Data to process
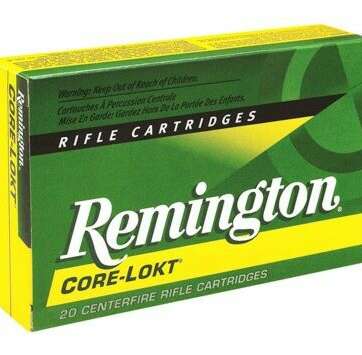 Remington rifle ammunition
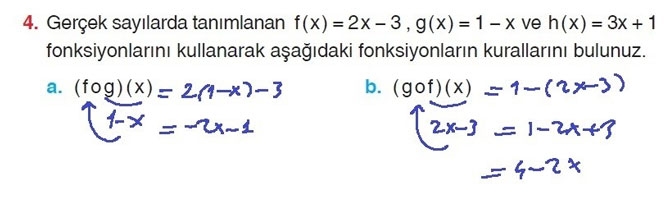 10. Sınıf Matematik Sayfa 103-106 Cevapları 4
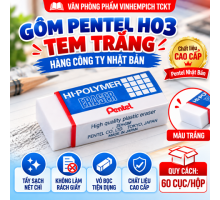 Gôm Pentel H03 hàng công ty Nhật Bản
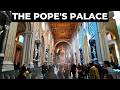 Rome Italy - Basilica of St John Lateran | Holy Door \u0026 Walking Tour - Rome 4K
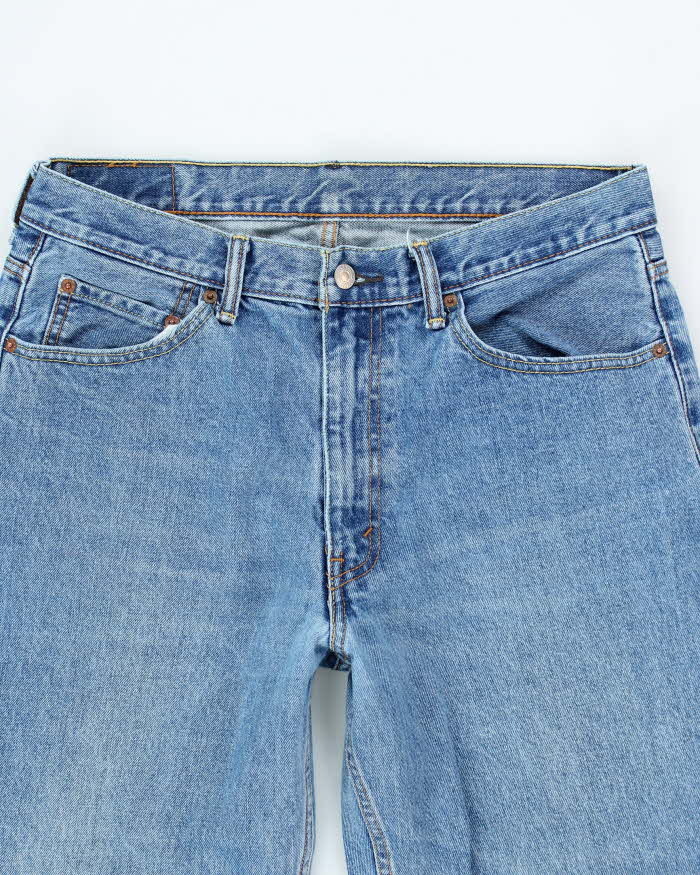Vintage 90's Levi's 550 Light Wash Relaxed Fit Jeans - W32 L29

Your objective
Return, exactly and without extra lines, everything from the line with "10. Sınıf Matematik" through the last line of the material above, both included. Pictures must be dropped.

Answer for the task
 10. Sınıf Matematik Sayfa 103-106 Cevapları 4
 Gôm Pentel H03 hàng công ty Nhật Bản
 Rome Italy - Basilica of St John Lateran | Holy Door \u0026 Walking Tour - Rome 4K
Vintage 90's Levi's 550 Light Wash Relaxed Fit Jeans - W32 L29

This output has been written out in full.